The Dharavi project

by April 6, 2020 0 comments

If the BMC does contain the virus spread in Asia’s largest slum cluster, then it would be a rescue template like no other

Dharavi, Asia’s largest and clustered slum, has registered three cases of Coronavirus and unfortunately, one death as well, taking India’s battle against the virus to another level altogether. An Armageddon we are not ready to fight just yet but our containment drill now will be to identify, isolate and choke clusters considering the density of population and the less than standard safety and hygiene protocols. Dharavi is home to a whopping one million slum-dwellers crammed in a roughly five-square-kilometre maze of narrow lanes, ramshackle buildings, shanties and open sewers. With families of six-seven people packed like sardines in tiny quarters, social distancing is a privilege none can afford. Such community clusters may just be our Achilles’ heel in the fight against the rapidly-spreading Coronavirus that has ferociously battered the entire human population of the planet. Given the rate of the disease spiral, community transmission is a given, at least in such contiguous settlements.

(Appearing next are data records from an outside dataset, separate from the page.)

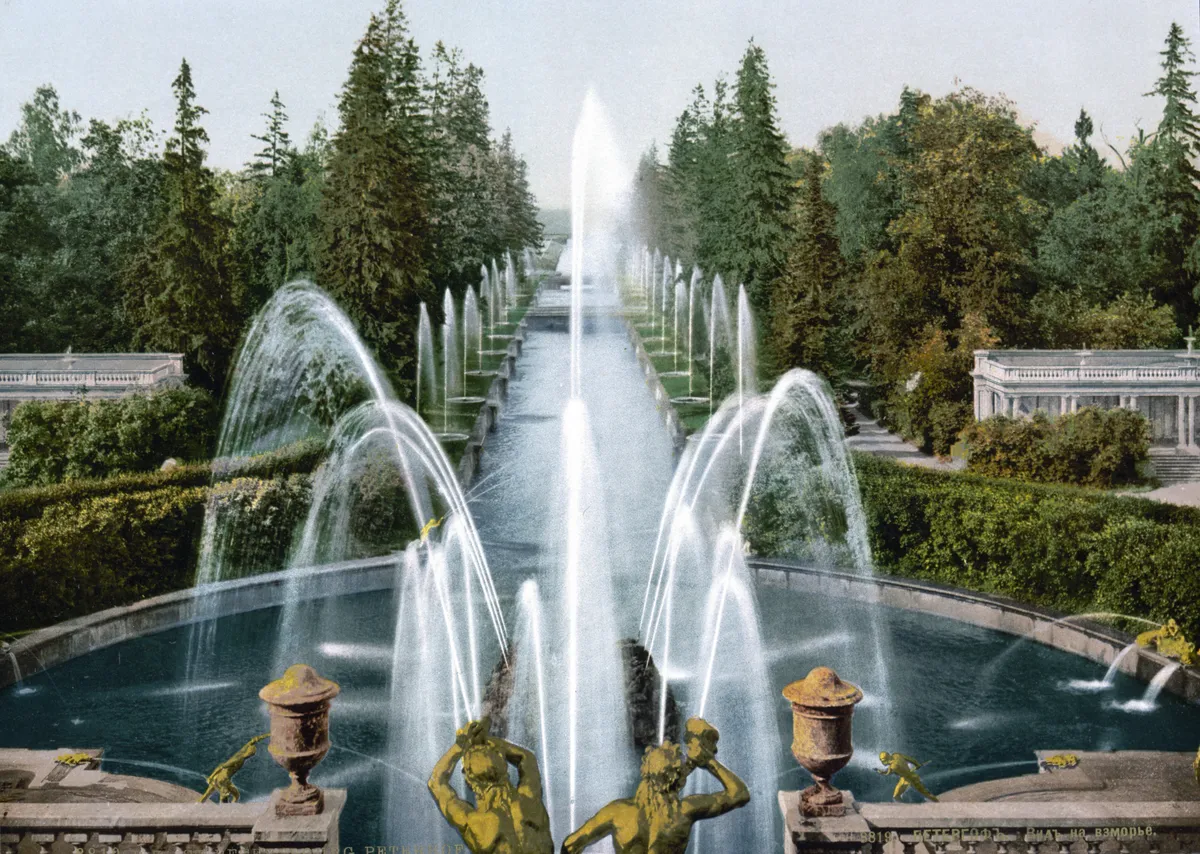 The Grand Cascade at Peterhof: gilded statues and fountains stepping down from the palace to the canal, in photochrom color.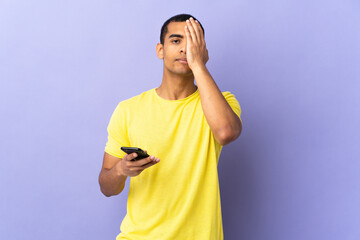 African American man over isolated purple background using mobile phone covering a eye by hand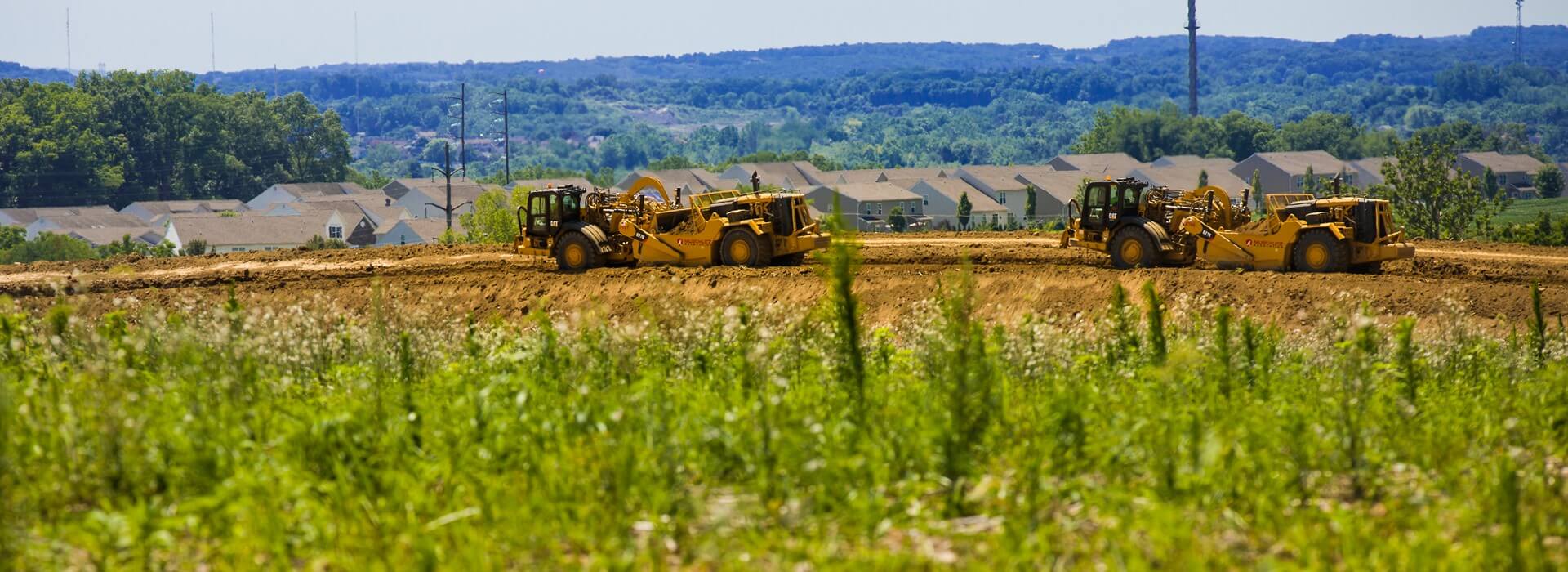 Construction equipment developing land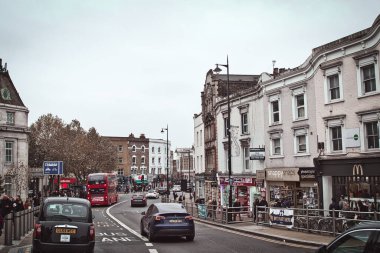 Londra 'da kırmızı çift katlı bir otobüs, siyah taksiler ve yayalar olan bir sokak manzarası. Sokaklar tuğla binalarla, bazıları da dükkanlarla dolu..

Urban slums are indispensable to the economy of the country as a vast percentage of daily-wage labourers, industrial workers and domestic help live here, keeping the service economy going. They represent a valuable human resource. Water sources and sanitation facilities are shared by multitudes of people and existence is by the brush of the skin. The Brihanmumbai Municipal Corporation (BMC) has quarantined and stamped all the people who may have come in contact with the victim but tracing people who float in and out is still a humongous challenge. The BMC swung into action quickly, in alliance with the police, fire brigade, doctors and healthcare workers called the Contain Dharavi Operation. This multi-pronged strategy didn’t let up for 24 hours at a stretch. They immediately separated people above 60 who were also suffering from some respiratory diseases and tested them. In fact, if more positive cases show up, they will test all 125 senior citizens in the vicinity. The affected, the senior citizens and those with underlying health conditions will be moved to the district sports complex if need be. This micro pin-pointing is arduous and meticulous but is our only hope to stave off a human disaster. It is through non-pharmaceutical means, lockdowns, testing and isolation through which we can contain and confine the malaise, may be delay its inevitable spread. With even developed countries such as the US, Spain and Italy being overwhelmed by the pandemic and their healthcare facilities facing a crisis, we need intense community vigilance. With rapidly-increasing numbers of positive cases being reported every week, it is estimated that our hospitals will be overwhelmed by the end of May or even sooner considering that the number of hospital beds per 1,000 people in India is only 0.7, compared to 11.5 in South Korea. What’s equally alarming is the fact that some States could reach the point where they don’t have enough hospital beds to treat critical COVID-19 patients much sooner than others, notably Kerala, Maharashtra, Delhi and Punjab. This is a time for sharing resources and expertise and while we have to shut out the world, States and the Centre need to pool in and share resources to save our communities.